As is common, the company’s constitution was based on the model articles for private companies limited by shares (the “Model Articles”) with certain modifications.
The 4 articles at the centre of the case are as follows:
- Model Article 7(1) – Directors are to take decisions either in a board meeting or via written resolution. This is called the general rule.
- Model Article 7(2) – While a company has only one director and its articles do not require it to have more than one, the general rule does not apply. The sole director can make decisions regarding running the company.
- Model Article 11(2) – The quorum for directors’ meetings can be fixed from time to time, but it cannot be less than two, and the default quorum is two.
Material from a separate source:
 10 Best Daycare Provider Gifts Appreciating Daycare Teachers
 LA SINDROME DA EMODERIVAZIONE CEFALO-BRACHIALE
In this case, the Fore Fitness modified Model Article 11(2) to require specific directors to be present to form a quorum.
- Model Article 11(3) – If at any time the total number of directors is less than the quorum, the directors must not take any decision other than: (i) to appoint further directors; or (ii) to convene a general meeting to enable the shareholders to appoint further directors.
Seemingly, Model Articles 11(2) and 11(3) appear to contradict Model Article 7(2). However, the approach taken thus far has been that Model Article 11(2) and 11(3) form part of the general rule, therefore, while a company has a single director, they do not apply. Instead, Model Article 7(2) allows the sole director to take all decisions. Model Article 11(2) only applies where the company has multiple directors and needs to hold a board meeting and Model Article 11(3) only applies if the company does not have enough directors to form a quorum for that meeting. Model Article 11(2) sets the quorum for a board meeting, but it does not set a minimum number of directors of the company.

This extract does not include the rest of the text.